Tag Archives: media

The reputational cost of the asylum seeker deal

The first I knew of the asylum seeker deal was at midday on Friday, when I got an email from the ABC’s PNG correspondent cancelling his farewell BBQ that night and obscurely telling everyone to ‘blame Kevin’.  For an expat party to be cancelled only hours before kicking off was unusual.  Something big was going down.

Sharp Talk, PNG’s leading political discussion forum, shed a bit more light.  A Manus Island politician wrote that caucus was told that morning that the existing detention centre on Manus Island would be expanded to hold 3,000 asylum seekers.  At this time, PM O’Neill was already en route from Port Moresby to Brisbane.  He was collected from the airport by PM Kevin Rudd and taken straight to the press conference to announce the Regional Resettlement Arrangement and sign the paperwork.  And that was that.  We had a new deal.

Judging from the reactions from my friends and family in Australia, and my colleagues and friends in PNG, it seems like the reaction is pretty much universal.  There is so much to be said – about the lack of consultation; the legal and human rights consequences;the whole sinister language that has become second-nature when talking about asylum seekers; the practicalities of expanding the capacity of a barely functional detention centre from 146 people to 3,000, immediately; whether Australians can still call itself a compassionate country and sing the second verse of the National Anthem, that for those who’ve come across the seas, we’ve boundless plains to share with a straight face; whether the Sunday Chronicle’s headline ‘Ruddiculous!’ puts the NT News’ screamers to shame.  But I thought I’d focus on just one angle – the portrayal of PNG in the selling of this policy.
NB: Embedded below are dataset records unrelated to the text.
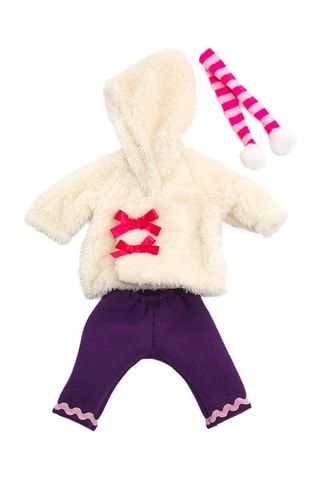 Cardigan con cappuccio e pantaloni per bambola - Bianco - Da 3 anni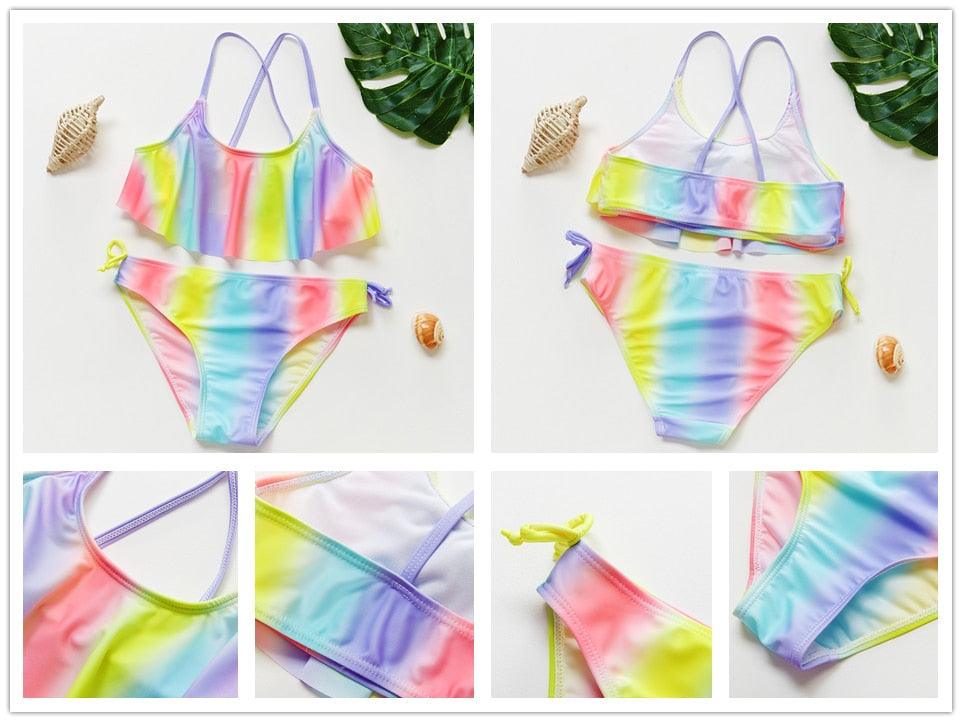 Girls Swimsuit High quality Girls swimwear Two pieces Kids Bikini Set Swimming Suit For Children Girls Swimsuit Flounce Bikini Set 2 Piece Swimwear Watermelon Ruffle Bathing Suits - Black Girl Golf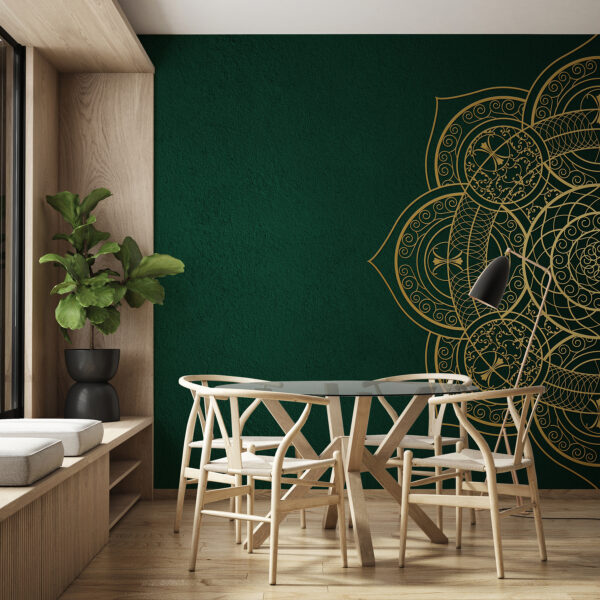 Elegante swirls op smaragdgroen canvas Elegante swirls op smaragdgroen canvas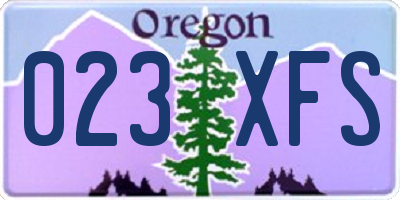 OR license plate 023XFS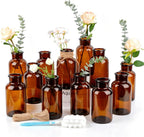 PINIWON Set of 12 Amber Bud Vases, Small Glass Vases, Vintage Medicine Bottles Apothecary Jars, Flower Vases for Home Decor, Wedding Centerpieces
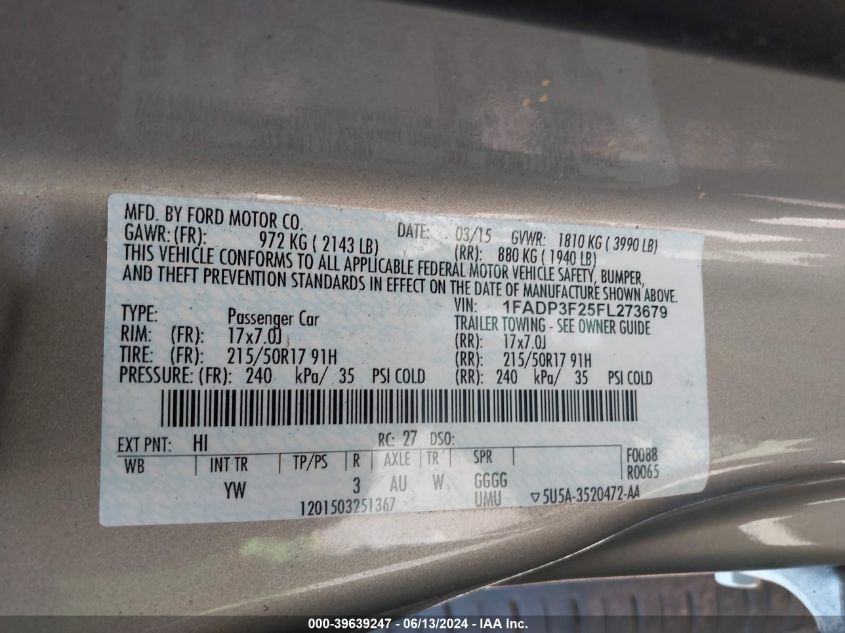 2015 Ford Focus Se VIN: 1FADP3F25FL273679 Lot: 39639247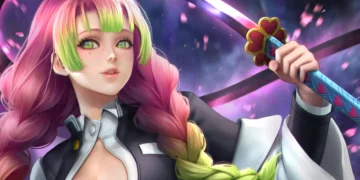 Mitsuri Kanroji close up with pink and green hair soft glowing background anime aesthetic sword detail vibrant eyes wallpaper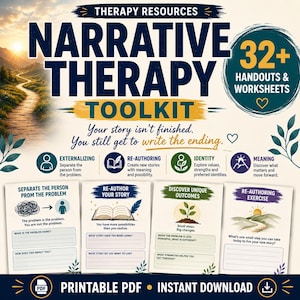 Pode incluir: Um kit de recursos de terapia digital intitulado Narrative Therapy Toolkit com mais de 32 folhetos e planilhas. O gráfico inclui quatro páginas de exemplo sobre externalização, reautoria, identidade e significado, com uma ilustração de caminho.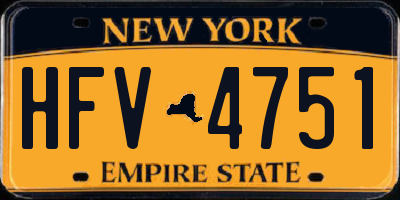 NY license plate HFV4751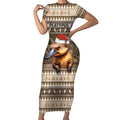 Aussie Platypus Short Sleeve Bodycon Dress Merry Christmas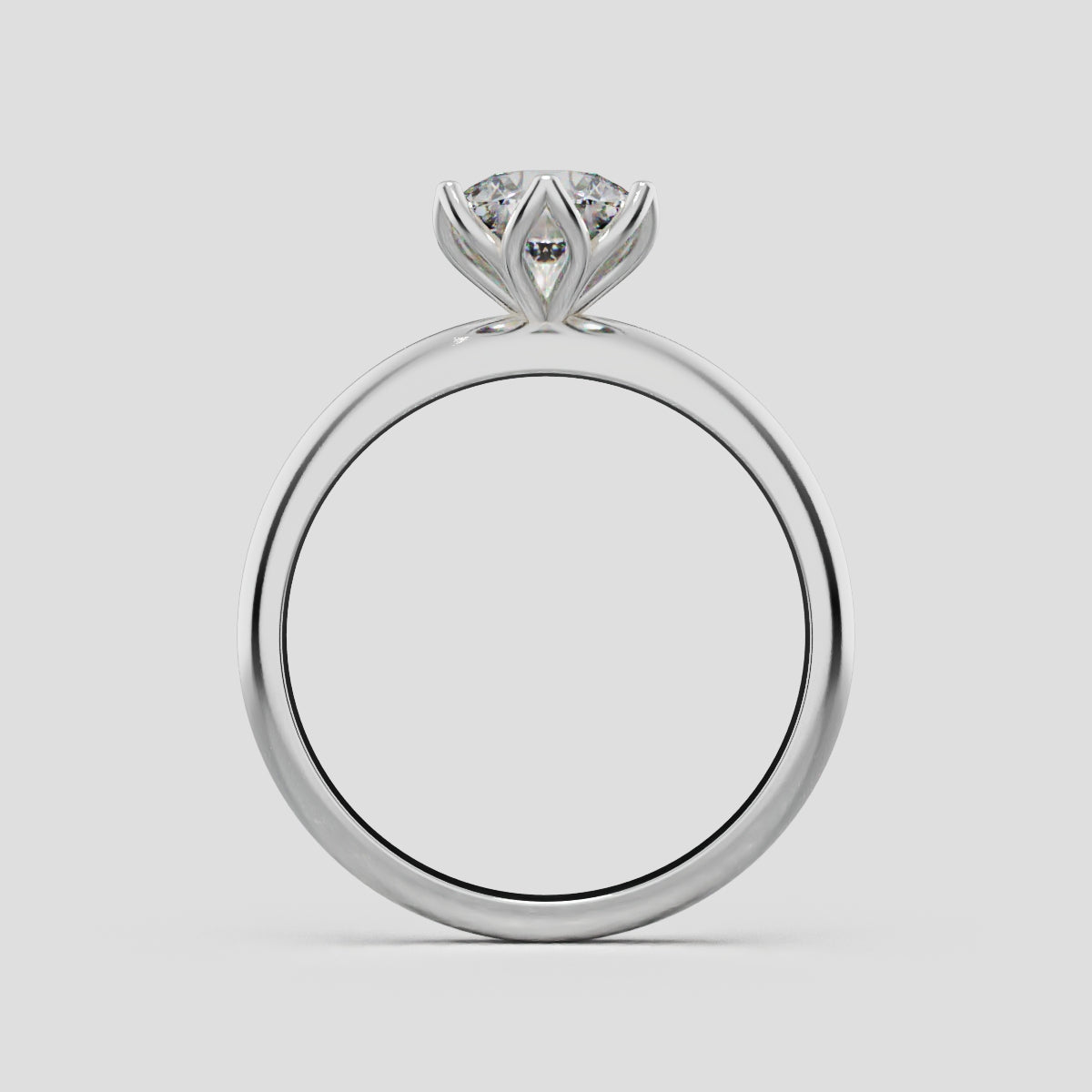 Fiorita, 1ct round lab grown diamond engagement ring, Petal Visible, 18K white gold - through finger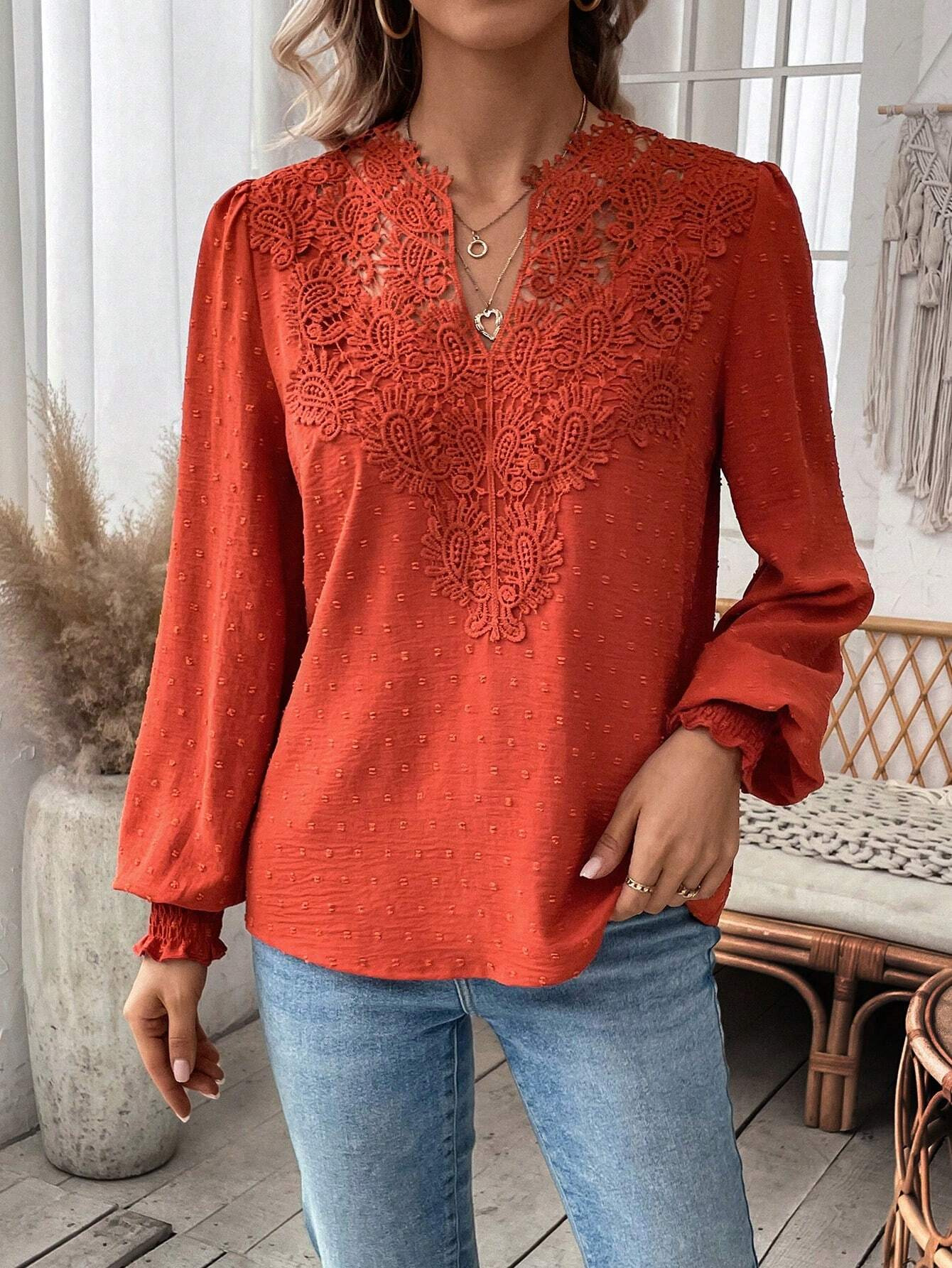 The new autumn and winter fashion V-neck lace solid color long-sleeved casual T-shirt for women on Amazon Cross-border in Europe and America in 2024 pic 11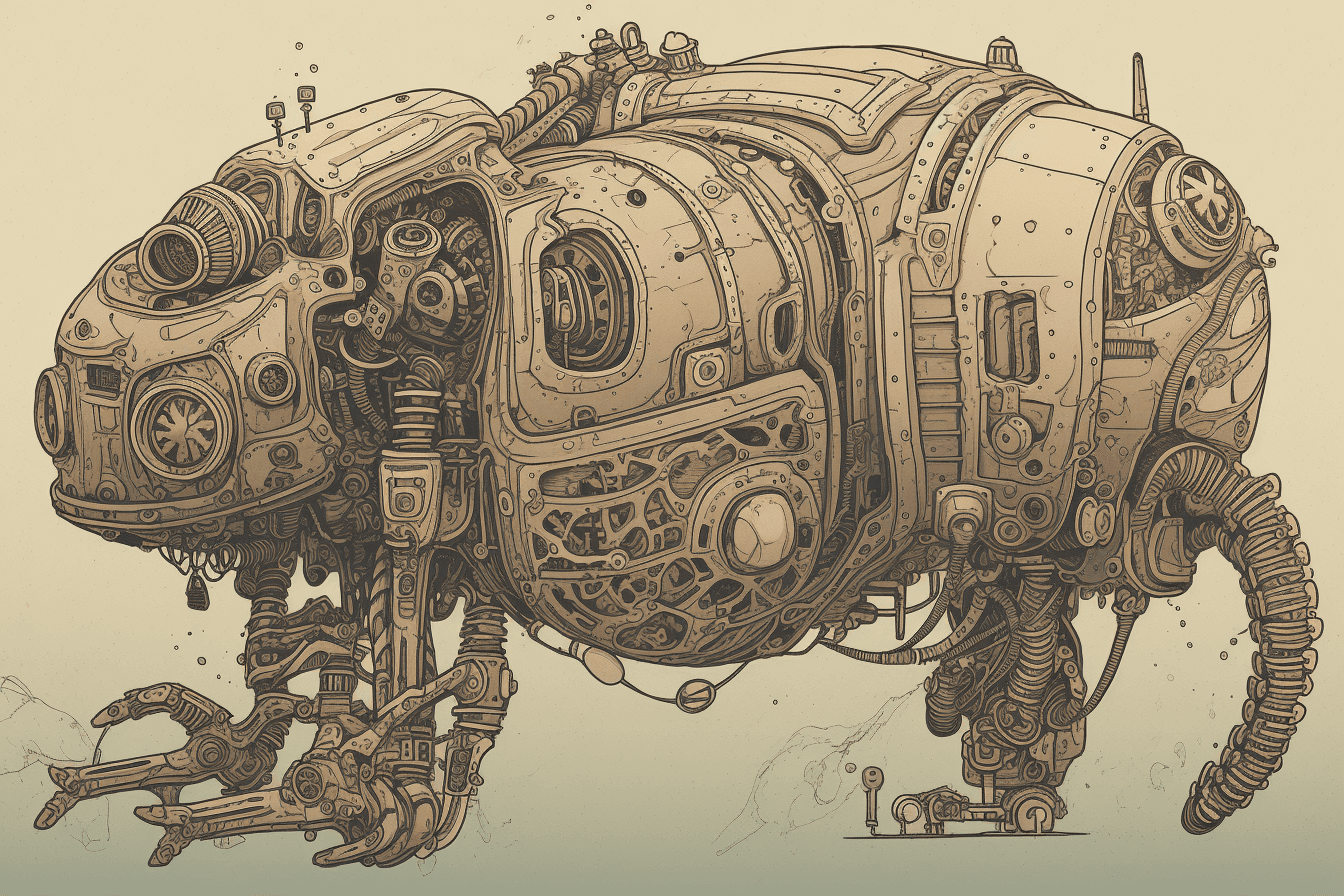 An illustration of a robotic explorer, with metallic textures and intricate details.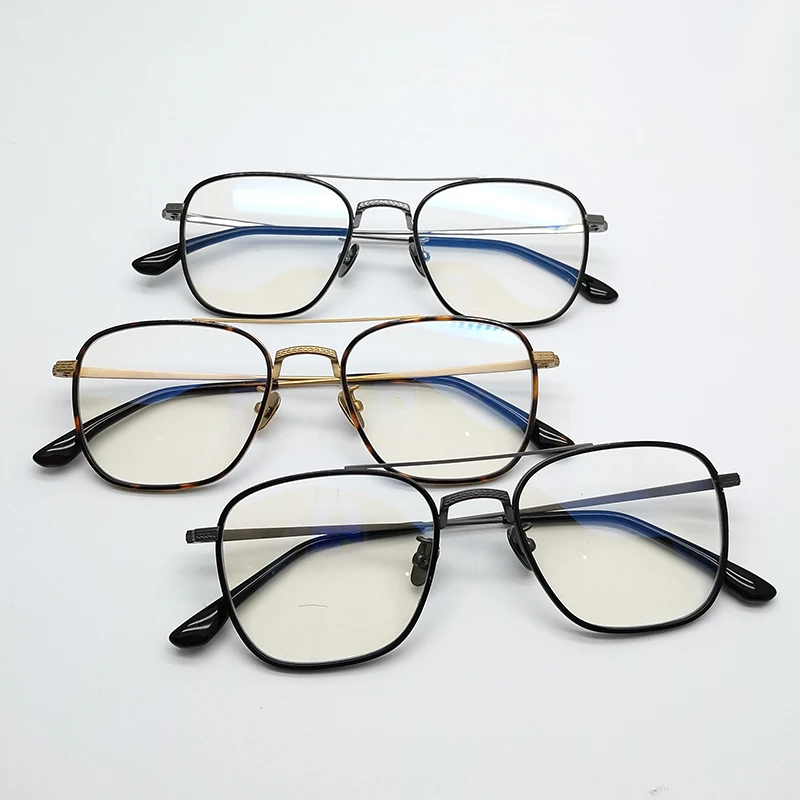 

PP9783 Titanium Acetate Glasses Frame Men Prescription Eye Glasses Full Rim Half Square Eyeglasses Myopia Optical Eyewear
It seems pretty obvious that the ‘strength’, in least in theory, of the policy is its deterrent value.  The ads published in every major Australian newspaper say it clear enough – if you try to come to Australia via boat, you’ll never be settled there.  Instead, you’ll go to PNG.  To make this deterrent aspect work, to ensure that no-one even tries, you have to make PNG seem as unappealing as possible, a lost cause, a place of certain ruin.  And, so the logic goes, if no-one ever tries, no boats come, and the policy is a success.

Opponents of the policy, shocked that Australia would turf its asylum seekers onto its northern neighbour, are also leaning heavily on the ‘hellhole’ narrative.  In a GetUp! mass email sent to its supporters yesterday, PNG was described as an ‘impoverished, violence-ridden state’, which has made some Papua New Guineans irate and has social commentators mouthing off at Australian ‘latte sippers’ reciting statistics without having ever been to PNG.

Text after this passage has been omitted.